# Emocore



## Der Taktlosse Vernichter (2. Januar 2010)

Was sind denn eure Emocore-Favoriten? Und was haltet ihr von Emocore im Allgemeinen?

http://www.youtube.com/watch?v=Z4IfnznuAEA mag ich gerade am meisten.


----------



## DER Lachmann (2. Januar 2010)

"emocore"
2 sachen die ich nicht mag in einer musikrichtung ... ne, mag ich nicht  


			Dieser Inhalt steht nur eingeloggten Mitgliedern zur Verfügung.
        



EDIT:
bevor jetzt jemand was falsches denkt, ja, ich hab mir mal das beispiel oben angehört und hab entschieden das ich emocore nicht mag

EDIT2:
damit jetzt nicht noch mehr missverständnise aufkommen hab ich mir jetzt auch mal eben 2 weitere lieder angehrört und bleib dabei, emocore mag ich nicht :x ^^


----------



## dragon1 (2. Januar 2010)

DER schrieb:


> "emocore"
> 2 sachen die ich nicht mag in einer musikrichtung ... ne, mag ich nicht
> 
> 
> Dieser Inhalt steht nur eingeloggten Mitgliedern zur Verfügung.


Ich liebe Emocore^^
Emos: Pfui spinne
Emocore ist aber geil^^


----------



## Sascha_BO (2. Januar 2010)

Was macht denn diese Musik zu Emocore? Klingt für mich wie stinknormales rockig-angepoptes Gitarrengeseier das gern´n Stück neben der Spur liegt aber im prinzip von jeder x-beliebigen angetrunkenen Band von der Insel kommen könnte. Wo steckt da der Emo?  

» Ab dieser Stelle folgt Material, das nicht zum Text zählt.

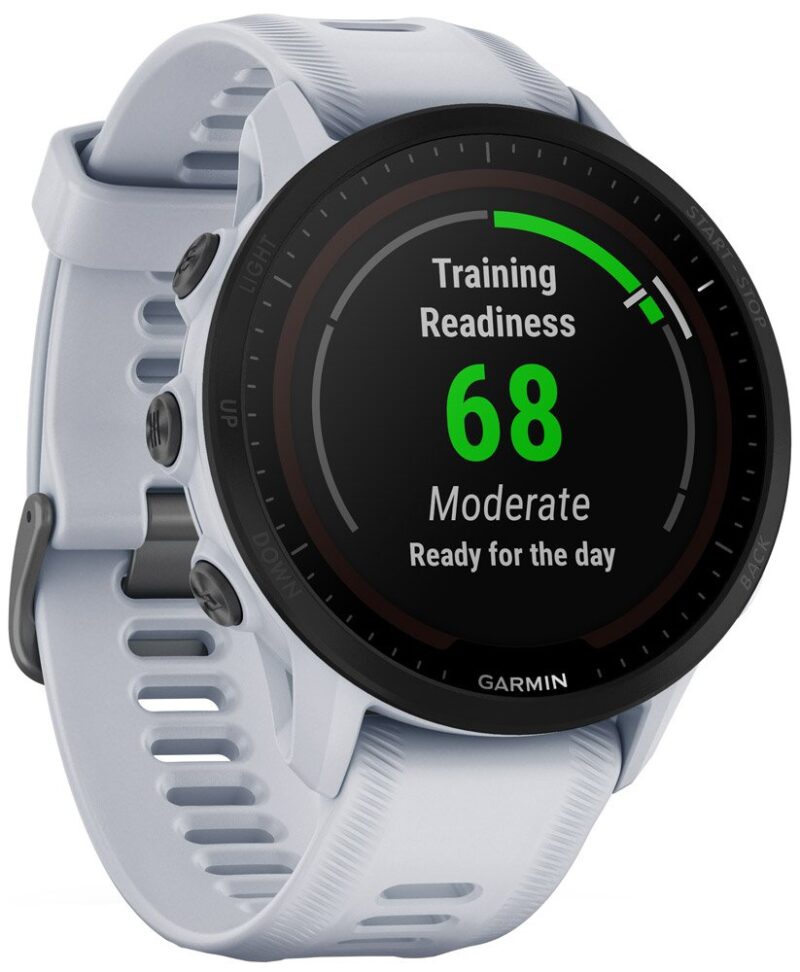 Garmin Forerunner 955 - GPS Multisport Smartwatch – Bild 3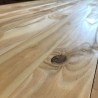 Mesadas Madera Pino Elliotis. Precio x mt2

			Dieser Inhalt steht nur eingeloggten Mitgliedern zur Verfügung.


----------



## Der Taktlosse Vernichter (2. Januar 2010)

DER schrieb:


> "emocore"
> 2 sachen die ich nicht mag in einer musikrichtung ... ne, mag ich nicht
> 
> 
> ...


Du magst keine Emotionen?





Sascha_BO schrieb:


> Was macht denn diese Musik zu Emocore? Klingt für mich wie stinknormales rockig-angepoptes Gitarrengeseier das gern´n Stück neben der Spur liegt aber im prinzip von jeder x-beliebigen angetrunkenen Band von der Insel kommen könnte. Wo steckt da der Emo?
> 
> 
> Dieser Inhalt steht nur eingeloggten Mitgliedern zur Verfügung.



Eher die Texte machen es zum Emocore, musikalisch ist es Post-Hardcore.


----------



## DER Lachmann (2. Januar 2010)

Der schrieb:


> Du magst keine Emotionen?



eher die bezeichnung "emo" und die damit verbundene szene,das aussehen der "emos" und die musik ^^


----------



## Der Taktlosse Vernichter (2. Januar 2010)

DER schrieb:


> eher die bezeichnung "emo" und die damit verbundene szene,das aussehen der "emos" und die musik ^^


Die Szene hat aber kaum was damit zu tun, ich denke, die wenigsten Emos hören wirklichen Emocore. Viele denken immer Emocore->Emos wie Hip-Hop->Hopper oder Metal->Metalheads, was aber nicht so ist.


----------



## dragon1 (2. Januar 2010)

Der schrieb:


> Die Szene hat aber kaum was damit zu tun, ich denke, die wenigsten Emos hören wirklichen Emocore. Viele denken immer Emocore->Emos wie Hip-Hop->Hopper oder Metal->Metalheads, was aber nicht so ist.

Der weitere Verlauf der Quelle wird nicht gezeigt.